In an effort to cool inflation the Federal Reserve has launched its largest interest rate increase since 1994 and indicated it is doing so in order to tame price hikes and bring down the cost of gas and food. There are plans to apply further ongoing increases as appropriate. The Fed issued a statement pointing to the invasion of Ukraine by Russia as a tremendous human and economic hardship that is affecting the economy and contributing to rate hikes.
The average 30-year, fixed-rate mortgage rate spiked by 55 basis points from 5.23% to 5.78% for the week ending Thursday, June 16, 2022, according to the latest figures released by Freddie Mac.

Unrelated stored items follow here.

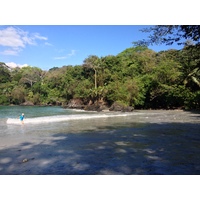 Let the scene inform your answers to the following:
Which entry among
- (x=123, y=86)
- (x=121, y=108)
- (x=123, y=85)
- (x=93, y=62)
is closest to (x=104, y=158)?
A: (x=121, y=108)

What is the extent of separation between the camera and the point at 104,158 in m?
6.83

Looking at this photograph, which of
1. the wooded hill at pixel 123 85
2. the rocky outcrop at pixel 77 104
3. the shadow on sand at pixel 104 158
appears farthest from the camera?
the rocky outcrop at pixel 77 104

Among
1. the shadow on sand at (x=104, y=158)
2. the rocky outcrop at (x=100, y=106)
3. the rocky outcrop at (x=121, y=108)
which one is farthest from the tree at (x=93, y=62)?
the shadow on sand at (x=104, y=158)

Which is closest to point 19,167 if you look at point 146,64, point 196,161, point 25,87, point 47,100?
point 196,161

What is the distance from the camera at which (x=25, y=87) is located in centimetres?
7062

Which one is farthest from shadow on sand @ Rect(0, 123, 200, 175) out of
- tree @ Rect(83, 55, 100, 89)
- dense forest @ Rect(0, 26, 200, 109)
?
tree @ Rect(83, 55, 100, 89)

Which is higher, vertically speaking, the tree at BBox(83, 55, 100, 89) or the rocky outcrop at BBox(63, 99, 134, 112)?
the tree at BBox(83, 55, 100, 89)

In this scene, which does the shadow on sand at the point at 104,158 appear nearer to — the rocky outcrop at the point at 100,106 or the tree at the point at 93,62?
the rocky outcrop at the point at 100,106

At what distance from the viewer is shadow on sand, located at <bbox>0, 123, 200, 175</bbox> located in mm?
5602

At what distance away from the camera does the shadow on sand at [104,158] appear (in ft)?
18.4

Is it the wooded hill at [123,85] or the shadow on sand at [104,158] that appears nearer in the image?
the shadow on sand at [104,158]

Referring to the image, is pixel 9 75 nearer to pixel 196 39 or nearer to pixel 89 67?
pixel 89 67

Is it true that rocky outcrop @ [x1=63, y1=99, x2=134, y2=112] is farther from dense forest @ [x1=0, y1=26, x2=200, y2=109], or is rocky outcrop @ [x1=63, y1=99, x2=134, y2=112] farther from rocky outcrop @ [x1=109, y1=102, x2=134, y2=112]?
dense forest @ [x1=0, y1=26, x2=200, y2=109]

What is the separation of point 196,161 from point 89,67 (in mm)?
42322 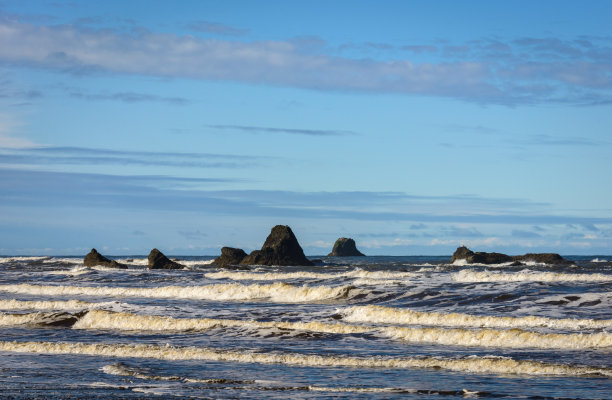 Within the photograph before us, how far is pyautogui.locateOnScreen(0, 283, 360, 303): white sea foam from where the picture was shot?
125ft

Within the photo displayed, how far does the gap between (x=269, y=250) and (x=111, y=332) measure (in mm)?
57358

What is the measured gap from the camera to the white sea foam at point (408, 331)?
20.7 meters

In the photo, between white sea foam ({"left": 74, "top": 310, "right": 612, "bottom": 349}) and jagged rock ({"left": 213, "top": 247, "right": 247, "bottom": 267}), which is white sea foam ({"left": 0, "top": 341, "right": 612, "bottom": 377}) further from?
jagged rock ({"left": 213, "top": 247, "right": 247, "bottom": 267})

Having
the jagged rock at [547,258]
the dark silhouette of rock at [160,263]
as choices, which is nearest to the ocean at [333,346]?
the dark silhouette of rock at [160,263]

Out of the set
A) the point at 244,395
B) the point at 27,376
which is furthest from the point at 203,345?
the point at 244,395

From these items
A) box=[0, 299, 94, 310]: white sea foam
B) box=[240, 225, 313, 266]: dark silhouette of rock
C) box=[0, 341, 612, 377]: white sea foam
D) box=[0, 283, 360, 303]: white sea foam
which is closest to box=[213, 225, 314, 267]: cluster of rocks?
box=[240, 225, 313, 266]: dark silhouette of rock

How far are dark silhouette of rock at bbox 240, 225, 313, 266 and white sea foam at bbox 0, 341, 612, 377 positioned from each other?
59.9 meters

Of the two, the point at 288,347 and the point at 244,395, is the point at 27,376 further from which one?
the point at 288,347

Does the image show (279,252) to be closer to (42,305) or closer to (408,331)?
(42,305)

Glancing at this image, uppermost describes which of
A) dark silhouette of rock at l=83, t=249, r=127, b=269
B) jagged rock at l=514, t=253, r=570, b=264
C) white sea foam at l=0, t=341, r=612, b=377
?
dark silhouette of rock at l=83, t=249, r=127, b=269

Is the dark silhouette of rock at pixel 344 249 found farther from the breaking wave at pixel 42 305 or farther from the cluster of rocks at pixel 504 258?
the breaking wave at pixel 42 305

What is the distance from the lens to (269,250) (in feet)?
273

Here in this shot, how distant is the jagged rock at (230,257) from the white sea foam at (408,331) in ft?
180

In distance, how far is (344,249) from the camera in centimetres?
17100
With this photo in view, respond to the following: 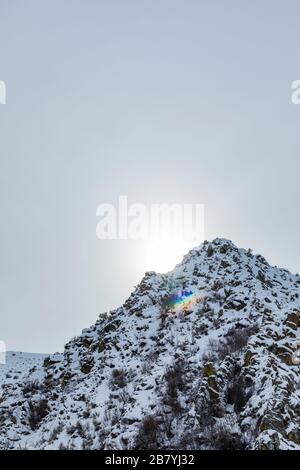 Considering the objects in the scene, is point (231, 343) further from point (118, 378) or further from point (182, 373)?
point (118, 378)

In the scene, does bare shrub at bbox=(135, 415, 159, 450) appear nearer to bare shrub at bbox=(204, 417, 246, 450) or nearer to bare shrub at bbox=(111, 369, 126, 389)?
bare shrub at bbox=(204, 417, 246, 450)

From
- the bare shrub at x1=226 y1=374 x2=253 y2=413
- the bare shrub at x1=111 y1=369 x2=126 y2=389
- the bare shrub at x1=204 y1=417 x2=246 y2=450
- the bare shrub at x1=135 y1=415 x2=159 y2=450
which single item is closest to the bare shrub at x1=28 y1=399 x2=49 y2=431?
the bare shrub at x1=111 y1=369 x2=126 y2=389

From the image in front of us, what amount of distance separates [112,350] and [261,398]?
49.6 feet

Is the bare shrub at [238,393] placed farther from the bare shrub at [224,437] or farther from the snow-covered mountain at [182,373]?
the bare shrub at [224,437]

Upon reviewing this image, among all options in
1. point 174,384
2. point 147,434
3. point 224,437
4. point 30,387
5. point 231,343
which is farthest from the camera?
point 30,387

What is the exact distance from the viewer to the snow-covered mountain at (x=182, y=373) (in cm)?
2231

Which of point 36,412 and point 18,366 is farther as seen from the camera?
point 18,366

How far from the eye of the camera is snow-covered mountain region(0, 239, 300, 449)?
22312 mm

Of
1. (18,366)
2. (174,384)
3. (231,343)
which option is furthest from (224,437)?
(18,366)

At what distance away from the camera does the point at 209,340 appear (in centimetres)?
2981

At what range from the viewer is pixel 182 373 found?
89.8 ft

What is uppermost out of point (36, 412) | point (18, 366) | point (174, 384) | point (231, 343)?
point (231, 343)

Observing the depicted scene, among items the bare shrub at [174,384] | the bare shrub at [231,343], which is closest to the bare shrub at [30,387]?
the bare shrub at [174,384]

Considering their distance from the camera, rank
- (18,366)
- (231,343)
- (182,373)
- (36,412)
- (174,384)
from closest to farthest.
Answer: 1. (174,384)
2. (182,373)
3. (231,343)
4. (36,412)
5. (18,366) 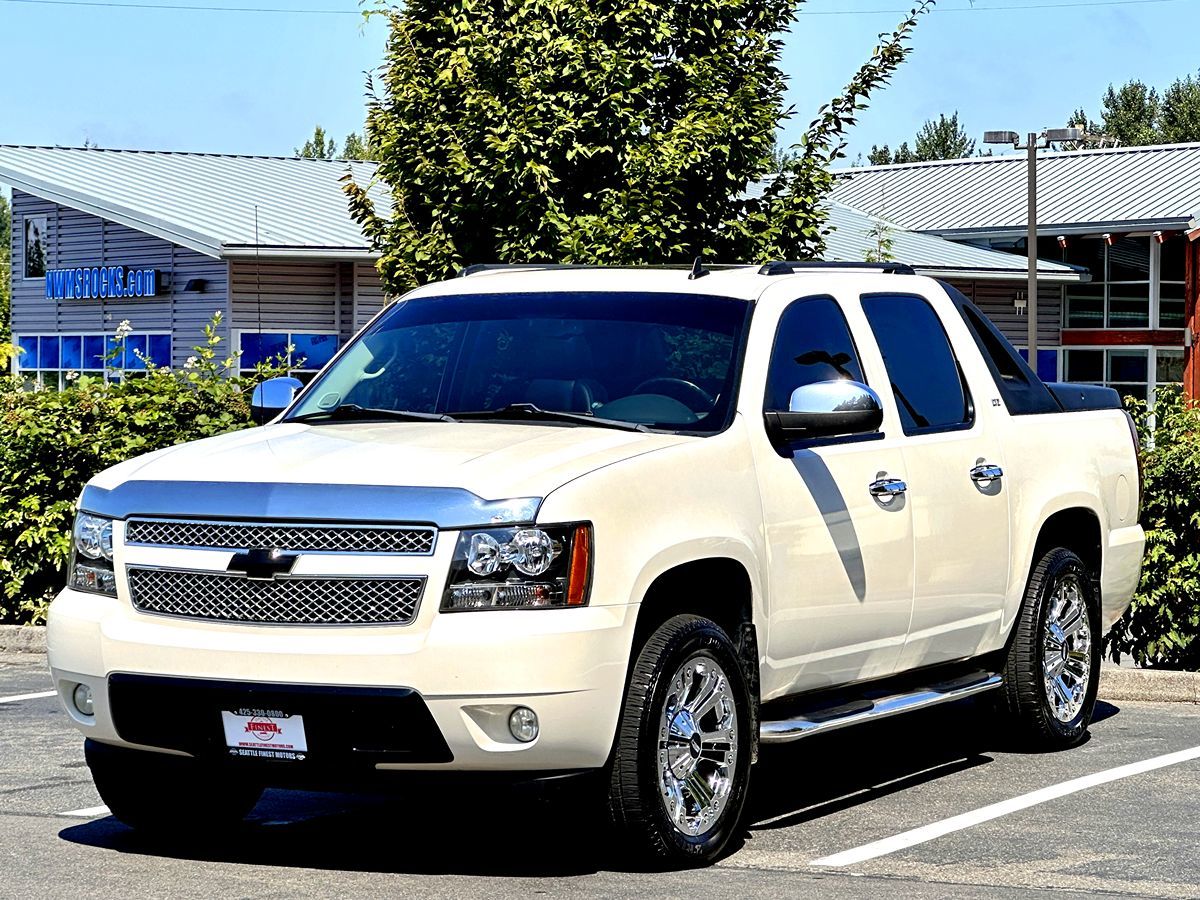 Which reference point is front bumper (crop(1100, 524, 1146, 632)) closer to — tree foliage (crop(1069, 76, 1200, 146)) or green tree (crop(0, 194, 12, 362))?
green tree (crop(0, 194, 12, 362))

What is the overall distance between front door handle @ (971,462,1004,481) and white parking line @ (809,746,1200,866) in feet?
4.16

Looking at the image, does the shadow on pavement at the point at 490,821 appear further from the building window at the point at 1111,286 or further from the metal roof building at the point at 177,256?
the building window at the point at 1111,286

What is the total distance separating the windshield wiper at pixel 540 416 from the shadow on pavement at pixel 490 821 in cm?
129

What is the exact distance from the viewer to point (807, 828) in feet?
24.2

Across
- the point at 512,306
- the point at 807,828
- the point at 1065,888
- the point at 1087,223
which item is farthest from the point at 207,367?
the point at 1087,223

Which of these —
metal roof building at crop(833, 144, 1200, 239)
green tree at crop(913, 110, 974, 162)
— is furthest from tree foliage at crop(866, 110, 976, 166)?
metal roof building at crop(833, 144, 1200, 239)

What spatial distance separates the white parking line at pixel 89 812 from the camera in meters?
7.56

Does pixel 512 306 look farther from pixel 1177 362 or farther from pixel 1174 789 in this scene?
pixel 1177 362

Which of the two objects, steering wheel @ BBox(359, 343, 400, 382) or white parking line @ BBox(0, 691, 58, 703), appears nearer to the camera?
steering wheel @ BBox(359, 343, 400, 382)

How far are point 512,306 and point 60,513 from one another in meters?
6.17

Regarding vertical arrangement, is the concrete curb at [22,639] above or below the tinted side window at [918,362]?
below

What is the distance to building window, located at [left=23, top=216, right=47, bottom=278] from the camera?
137ft

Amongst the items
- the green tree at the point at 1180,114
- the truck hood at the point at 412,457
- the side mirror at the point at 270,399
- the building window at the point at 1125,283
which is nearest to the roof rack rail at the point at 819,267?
the truck hood at the point at 412,457

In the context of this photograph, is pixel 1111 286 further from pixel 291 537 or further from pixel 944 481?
pixel 291 537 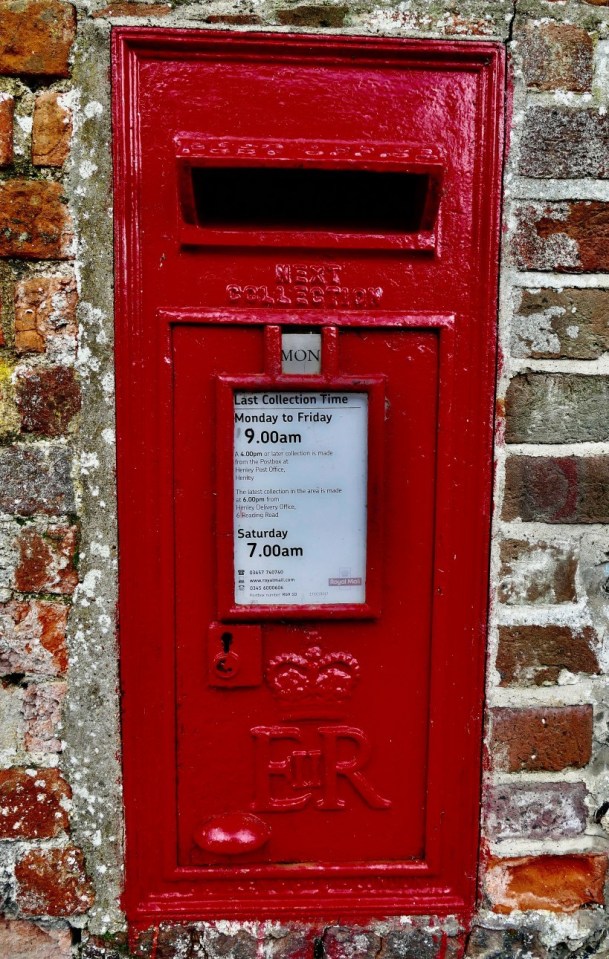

For perspective one economist said a $300,000, 30-year, fixed-rate mortgage with a rate of 5.23% would normally cost a borrower about $1,653 a month, excluding other costs like taxes and insurance. At today’s new average rate of 5.78% that same loan would cost a borrower $1,756 which equates to $1,236 a year and $37,080 over the lifetime of the loan.
the rate increase could be an over correction by the lenders, and could possibly fall over the coming weeks as lenders adjust to the current high-inflation environment.
Keep in mind that believe it or not, rising rates isn’t all bad news. Less demand for housing could help alleviate the housing supply issues we’ve seen nationwide. We don’t expect housing prices to come down drastically but with increased supply there should be a slow down to home price growth giving home buyers more housing options.